┌──
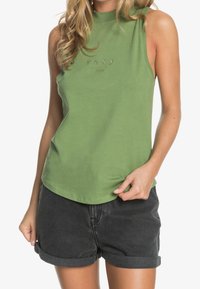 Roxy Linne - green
└──
┌──
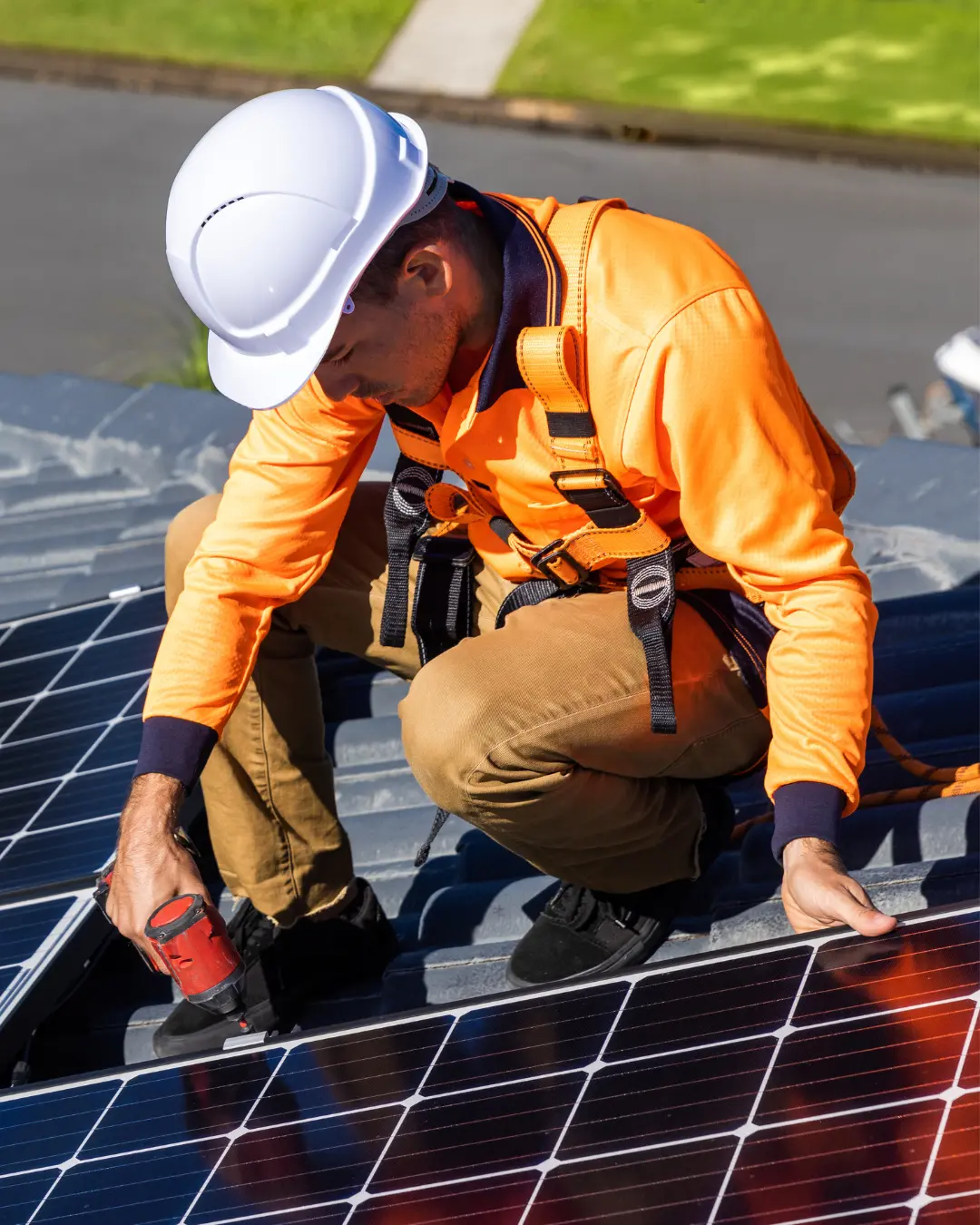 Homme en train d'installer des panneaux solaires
└──
┌──
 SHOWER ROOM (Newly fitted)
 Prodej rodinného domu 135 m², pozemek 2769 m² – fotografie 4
└──
**EXERCISE DIRECTIONS**:
The lines to extract from the data above begin with the line containing "SHOWER ROOM (Newly fitted)" and end with the line containing "Prodej rodinného domu". Extract them exactly, including both.

**ANSWER SECTION**:
 SHOWER ROOM (Newly fitted)
 Prodej rodinného domu 135 m², pozemek 2769 m² – fotografie 4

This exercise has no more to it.